In a similar vein, three European Mobile Laboratories — or EMlabs — have been mobilized by the European Union in Guinea, Nigeria and Liberia to detect incidences of the virus and train health workers about Ebola and other life-threatening pathogens.
Ebola is just the beginning
West Africa is facing down the worst Ebola epidemic on record. With more than 20,000 people infected and more than 8,000 deaths as of early January 2015, the unprecedented scale of the Ebola epidemic clearly requires a robust and effective coordinated international response.
Beyond the human tragedy, the disease is having devastating effects on the security and economy of the whole region. Schools have been closed for months — in Guinea, only the French school in Conakry remains open; borders to neighboring countries remain closed, interrupting or halting cross-border trade altogether; black markets are flourishing; and looting and intimidation of shopkeepers and stallholders is rife.
Health systems too are being pushed to the point of collapse. Mortality related to other diseases is resurgent as the region’s focus has shifted to Ebola — although conversely, sources on the ground in Guinea confirmed that incidences of cholera were falling largely due to the fact that more people were using hand sanitizer.
Margaret Chan, the World Health Organization’s director-general — an organization criticized for its initially slow response to the crisis — has admitted that Ebola is still “running ahead” of efforts to contain it, despite recent improvements, and warned against complacency.
On the ground in Conakry, the Ebola response machinery continues to gear up to tackle what everyone is hoping will be short-lived war before moving onto the broader challenges, such as those taken up by the European Commission’s new 241 million-euro funding package for state building, health systems strengthening, rural and urban sanitation, poverty reduction and economic development.
Indeed, Mimica, the European aid chief, stressed to me that the global development community is very much here to stay, committed to helping West Africa first contain the epidemic and then get back on its feet in such a way that in the future it will have the right systems in place to prevent a similar outbreak before it spirals out of control.
And what of national efforts?
“The government has nothing; we’re relying on the international community for assistance,” one local told me.
To its credit, the Guinean government has announced that 20,000 volunteers will be mobilized to help cope with the outbreak — including thousands of young people.
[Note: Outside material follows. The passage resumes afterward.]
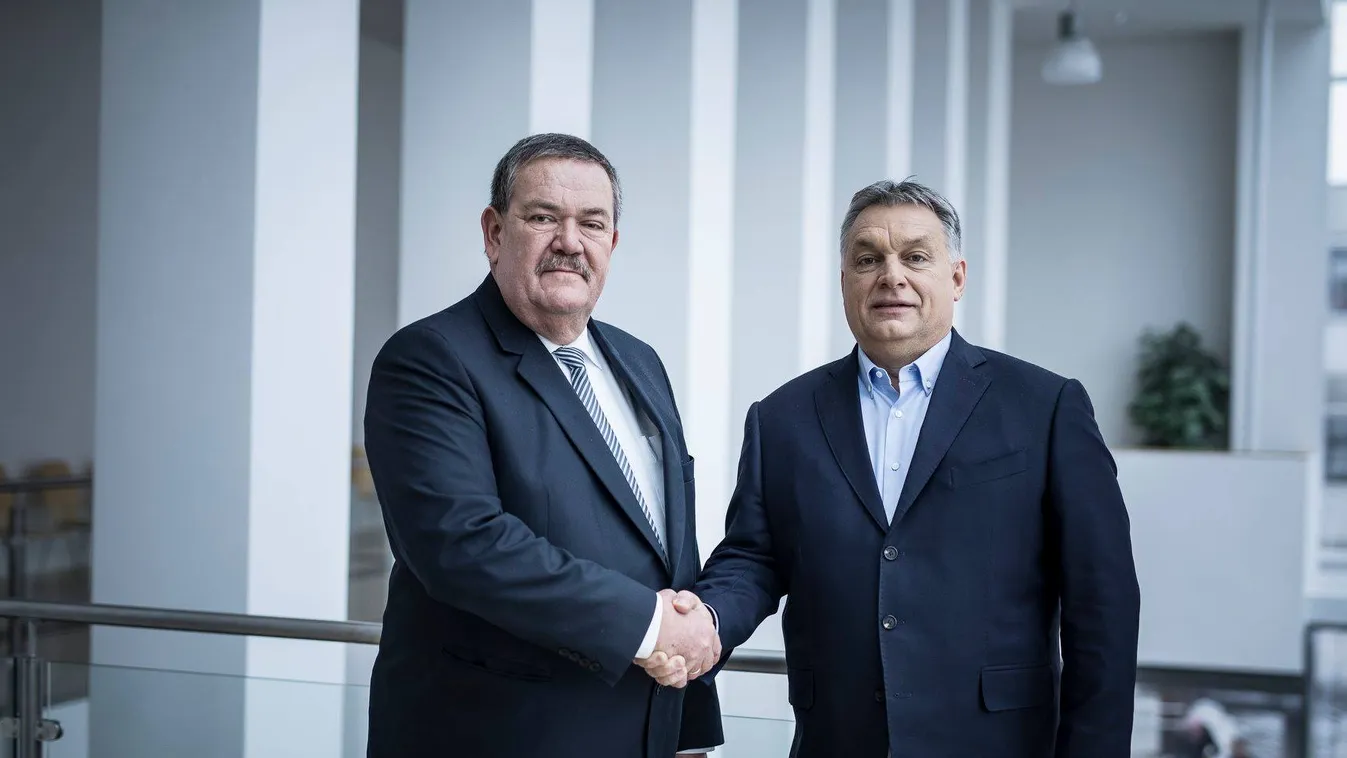 Orbán Viktor maga mellé vette biztosnak bukott képviselőjét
However, beyond relief efforts, it remains to be seen how the government will redress the balance and prioritize the long-term prevention of costly epidemics through ultimately more cost-effective investments in strong and accessible health systems.
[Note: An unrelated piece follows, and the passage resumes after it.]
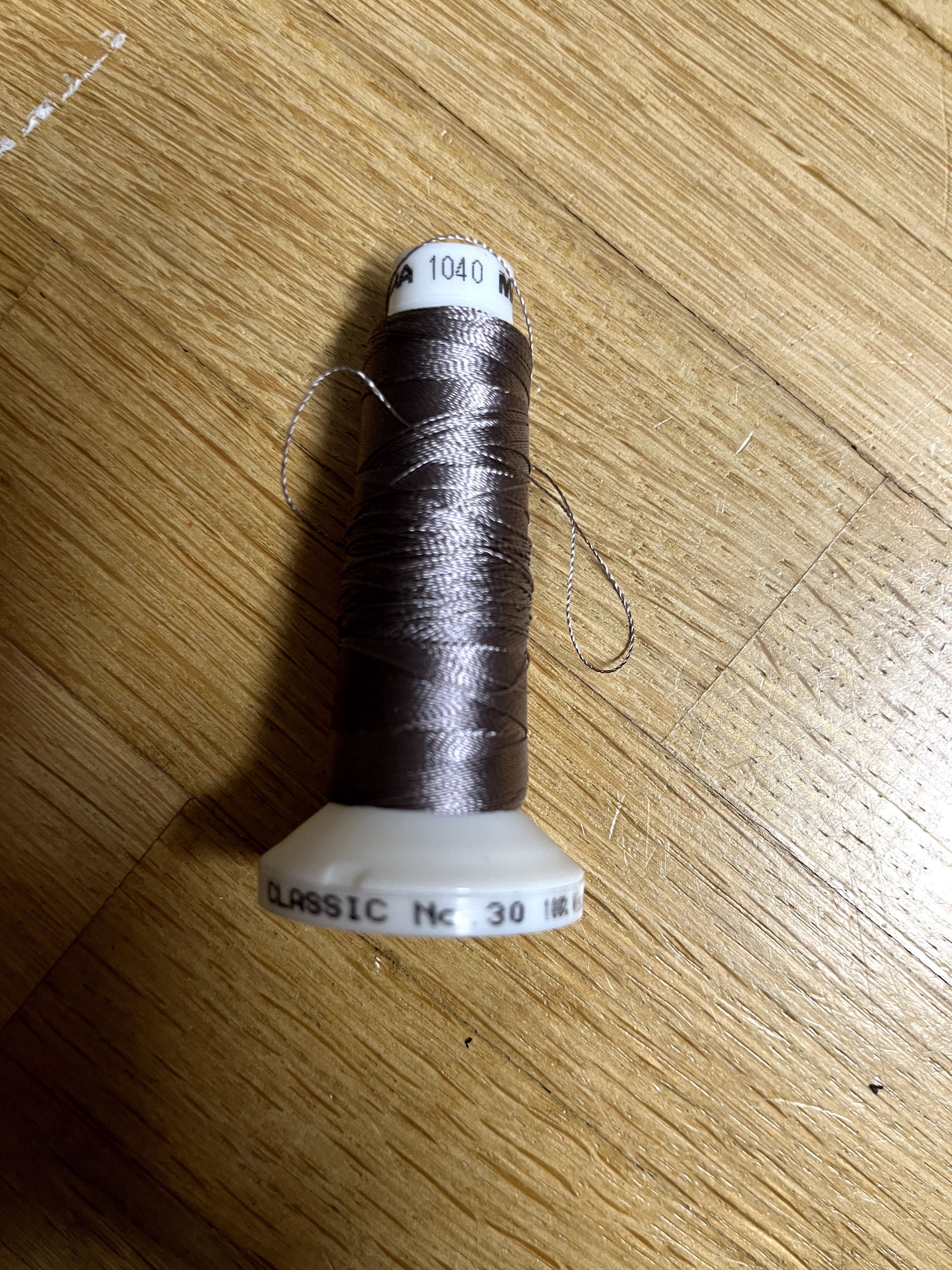 Nici Madeira Viscose Classic 30 - kolor 1040 - 7 nici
For now, at least, the international aid community remains out in full force. All around Conakry, anti-Ebola efforts are highly visible on signs and billboards with practical tips for the population, and practically on every street one can see warehouses and vehicles emblazoned with the logos of groups such as WHO, the U.S. Centers for Disease Control and Prevention, UNICEF, the European Commission, the Red Cross, MSF and ALIMA, the regional platform for medical NGOs.
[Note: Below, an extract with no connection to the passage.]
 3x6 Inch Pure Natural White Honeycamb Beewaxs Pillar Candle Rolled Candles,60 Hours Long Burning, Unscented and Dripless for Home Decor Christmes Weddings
A reassuring sight for the estimated 2 million locals in Conakry, perhaps, but when will we really know if the war on Ebola will be won?
“I’m not an epidemiologist,” Trompette said tersely. “We can only deal with the situation in front of us.”
I salute his pragmatism, wish him luck with the work yet to come and wholeheartedly applaud Time’s choice to make global health workers their person — or team — of the year. Here at Devex, our thoughts are with those serving on Ebola’s frontlines — the first responders, doctors, nurses, epidemiologists, virologists, logisticians, tracing and treatment teams, liaison officers and local volunteers — who are among the very modern heroes in our midst.